In order to do this without loosing interesting events the ATLAS trigger system adopts a 3-tiered structure, with each level having more time to process and analyze each event and access to higher granularity of the detector information. In ATLAS the first level trigger (LVL1) is a hardware based trigger using coarse information from the calorimeters and the muon system. Events deemed interesting is passed on to the so-called High Level Trigger (HLT) which is a software based trigger running on farms of commercial computers. The HLT has access to the full detector granularity and reduces the rate in two steps from about 75kHz to a few hundred Hz after which events are written to disk for further study.

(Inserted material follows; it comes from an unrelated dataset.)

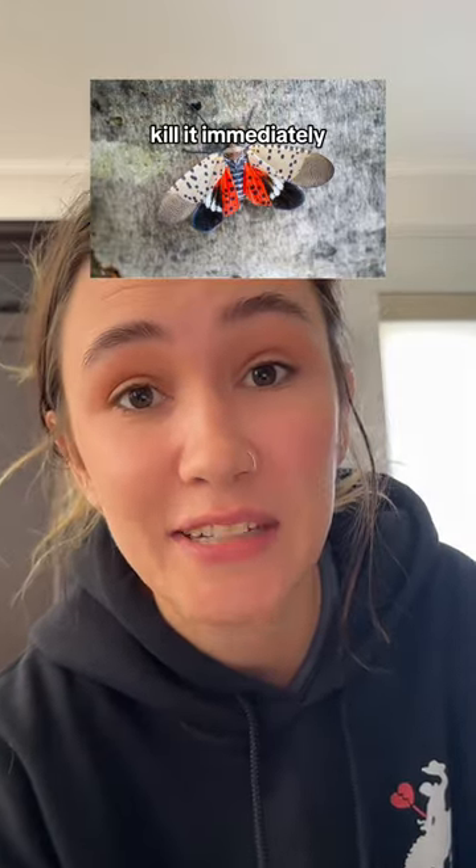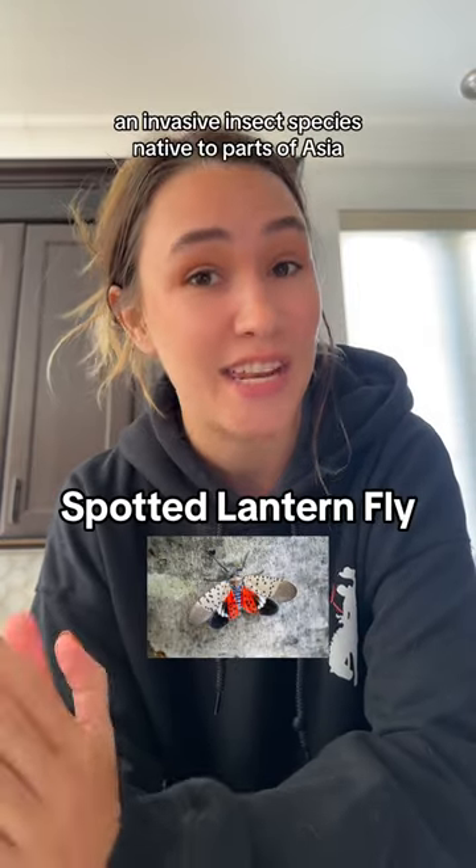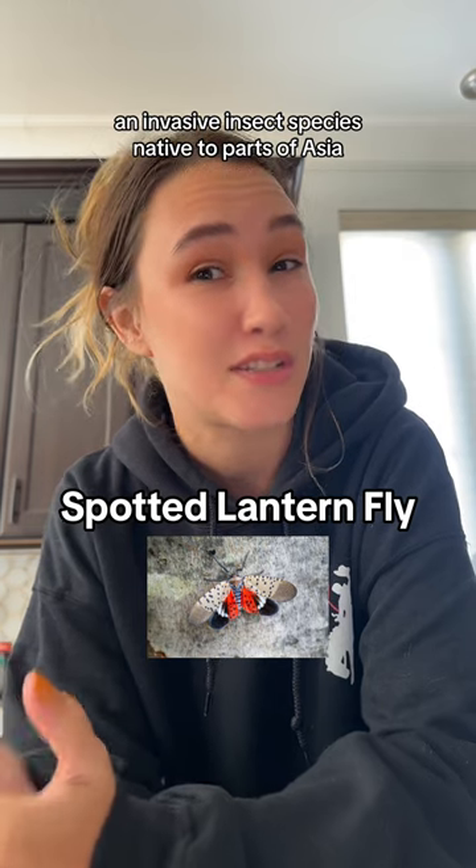If you see this bug, kill it immediately. It's a spotted lanternfly, an invasive insect species native to parts of Asia.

Many of the main physics goals at the LHC includes collisions which results in the production of bottom quarks. This includes decays of the hitherto unseen Higgs boson and Supersymmetric particles but also from important Standard Model process such as decays of top quarks.
The analysis and possible discovery of such processes depends on that the trigger system is able to identify those events efficiently and often several different strategies are used. One of the promising techniques for future improvements in the ability of the trigger system to select such events is the possibility of bottom quark identification already at the trigger level.
The bottom quarks are special. When produced in the collision, they quickly hadronize into bottom hadrons that has a relatively long lifetime and are thus able to travel several millimeter before decaying. In addition to the long lifetime the large mass of the bottom hadrons gives it's decay products a relatively large momentum relative to the hadrons direction. By using information from the inner-most tracking detectors in ATLAS one can use those properties to distinguish bottom hadrons from other type of particles.
Goal
The goal of this rotation project is to characterize, compare and improve the performance of the ATLAS tracking at the HLT. There is strong indications that the tracking performance used in the B hadron identification algorithms at the trigger level can be improved but studies and comparisons at the HLT and offline tracking level is needed.
Impact
The results of this project will have direct impact on the performance of analyses using the b-jet trigger and potentially all trigger using HLT tracking. This includes searches for Higgs and Supersymmetry or top quark analyses.
What you will learn
The project involves learning about the inner tracking detectors and in particular how charged particle tracks are reconstructed. You will gain experience with programming in C++ and Python, use of the ATLAS software framework and learning how to use the GRID. ROOT is extensively used to analyze data and display results.